When I finished my first machine-knit project, a multicolored striped scarf for my husband, I liked it so much I wanted to appropriate it for myself, but seeing my husband wear it and look so good in it was even more satisfying than stealing it for my own use. Now I had the skills to make another mega-multi-striped scarf without all the drama of the first one, and I had a range of natural colors to combine with the vibrant Wollmeise colors.
When I knit from real-life inspiration, I make a point of avoiding photographs of the inspiration and attempting to match it while the project is in progress, because I feel that closely emulating something in real life shuts down my ability to make something original. Also I still didn’t have some of the pastel colors of the painted ladies, and I didn’t want to feel constrained by what I didn’t have when I had something like 40-50 different colors between the natural colors and the commercially produced colors. When I first started knitting the scarf, I wasn’t quite satisfied with the direction I was going in. I was clustering a lot of Wollmeise colors together, and they were looking dark and harsh to me. I corrected that by using the dark intensities and bright hues much more sparingly and lightening the effect by surrounding them with clusters of natural colors that were close in hue and intensity, and generally restricting the width of the stripes to about three rows each. I also like to avoid predictability in the arrangement of my stripes, and I was assisted in that design decision by the fact that I couldn’t see the very much of the most recent 8 or so inches of my work while I was knitting it on the machine because the wrong side was facing me, and the work was hanging between the main bed and the ribbing attachment. I could have removed the ribber. I admit that the reason I didn’t was because I was afraid I wouldn’t be able to get the machines back in place properly afterward. I’m sure eventually I would have, but I chose not to mess around with it at that point and to turn working blind into a design feature.

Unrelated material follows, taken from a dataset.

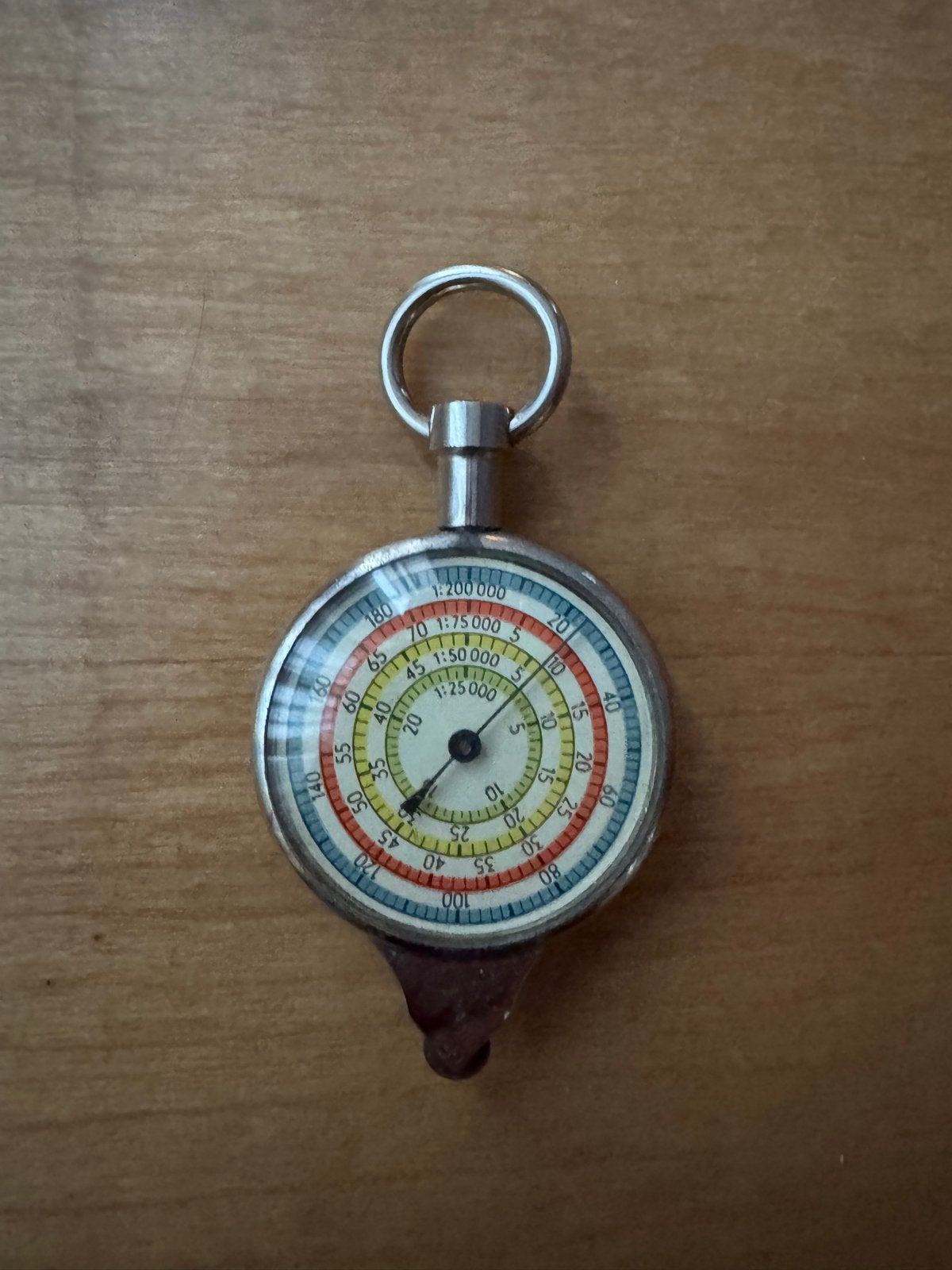 Vintage Curvimeter met Leren Etui - Kaartmeter, Antiek en Kunst, Ophalen of Verzenden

After working so hard on my first scarf to master color changes and to learn to control my tension, the 202 color changes in this scarf were mostly disaster-free. I did slip up a couple of times, resulting in the work falling off the machine, but that gave me an opportunity to see how my colors were working. I know there are more efficient ways to rehang fallen work than the way I was doing it, but they were beyond my current skill level, so I just put the work onto a hand knitting needle, repaired the dropped stitches from the hand knitting needle, and used the three-headed transfer tool to replace the stitches back onto the machine. Over the course of two weeks, I was able to do about 100 rows per machine knitting session out of a total of 660 rows, which was a huge increase in productivity over my first project.
Another reason for the narrow stripes was that I wanted to have a lot of ends that I could turn into a fringe at the seam side of the scarf. I pulled the ends to the outside as I blanket-stitched the seams, and when the seaming was complete, I enjoyed the brainless pleasure of braiding three pairs of ends together, one after the other, 68 times, to be exact. It was like a little girl’s slumber party!
I saved the best for last: the pompoms. I’ve been fascinated by the amazing things that Japanese crafters have done to elevate the humble pompom to an art form, stuffing abstract and representational forms into a little ball of wool using two doughnut-shaped pieces of cardboard, a couple of clamps, some yarn, and a lot of skill and ingenuity. That was a bit ambitious for me at this point. What I wanted was very small, tightly-trimmed, multi-colored balls to adorn the short edges of my scarf as a way to tie the colors together. I got a package of Clover pompom makers in the smallest size and experimented with wrapping various colors of yarn in different ways that might produce dots, stripes, and wavy lines. It was fun to cut them open and see two-dimensional wraps blossom into three-dimensional balls. At this stage, I don’t aspire to the precision and complexity that the Japanese pompom makers attain and am satisfied with the random dots and dashes of color I got in my pompoms. The most important thing I did to make pompoms that met my low expectations was to use dental floss to tie the halves of my pompoms together tight enough to avoid a visible equatorial seam and to hold the pieces of yarn together securely. Here are some progress photos showing the construction of one of my pompoms:
The finished scarf is a reminder in wintertime of a beautiful place in summer.